Soon, however, Kennedy may finally be forced to balk. On Tuesday, the ACLU sued to halt an extreme new Alabama law targeting minors who are seeking abortions. The measure is very clearly designed to degrade and humiliate teenage girls, far beyond what any state has previously attempted (and what the Supreme Court has allowed). Alabama already requires a minor to secure parental consent before obtaining an abortion, but if she cannot—if, for instance, it was her parent who raped and impregnated her—she can ask a judge to bypass this requirement. The new law takes that judicial bypass and turns it on its head, permitting the judge to appoint a lawyer to represent the minor’s fetus and advocate for its best interests. The judge may bring the district attorney into court to question the minor. And, worst of all, the district attorney can call witnesses to testify against the minor—and in favor of her fetus.

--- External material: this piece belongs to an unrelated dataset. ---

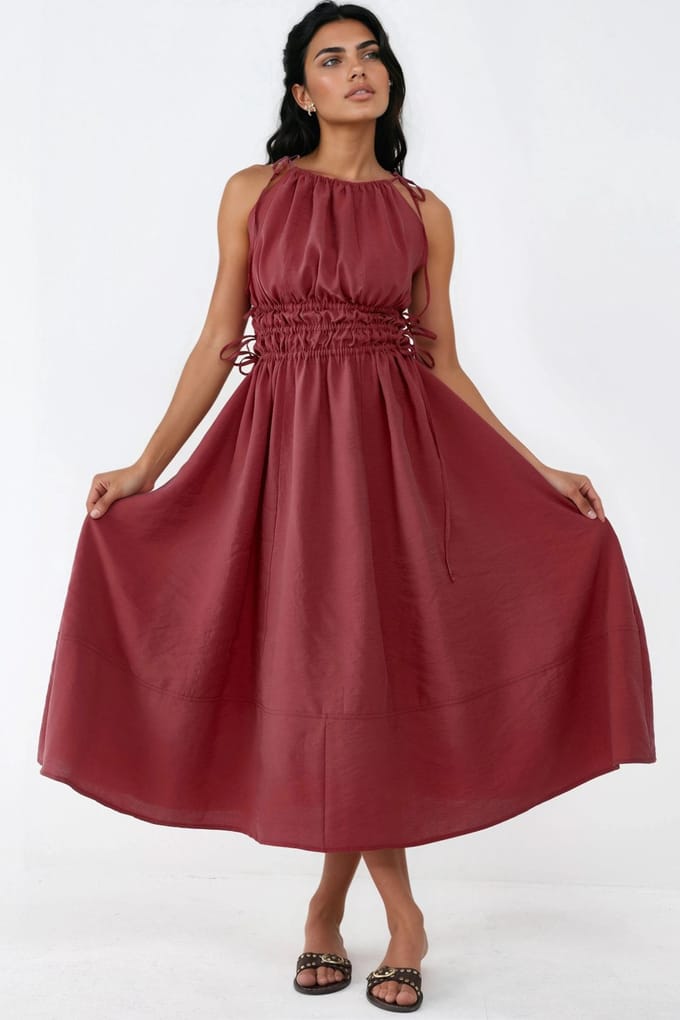 Gerimpeld Strap Midi-jurk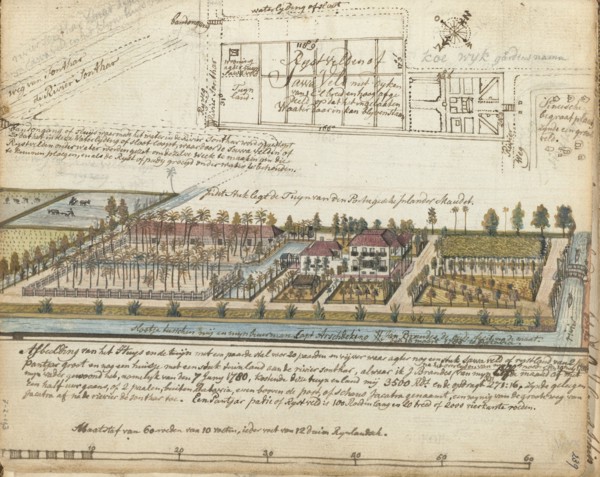 Brandes' house and estate outside Batavia, 1785.  Creator: Jan Brandes.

All of this is quite heinous. But it gets much worse. If the judge rules in favor of the minor, the district attorney is now permitted by law to appeal the ruling and make his case all over again to a higher court. By letting the district attorney call an endless number of witnesses then appeal an unfavorable ruling, the law creates a loophole that could let the state delay a minor’s abortion to the point that she couldn’t even legally receive one. (In Alabama, that’s 20 weeks, unless there is a threat to the mother’s health.) If Alabama gets away with this law, in other words, it’ll have effectively nullified young women’s constitutional right to an abortion.
I would also note that parental notification laws, in more than a few of the cases, means that the girl has to ask permission from her rapist.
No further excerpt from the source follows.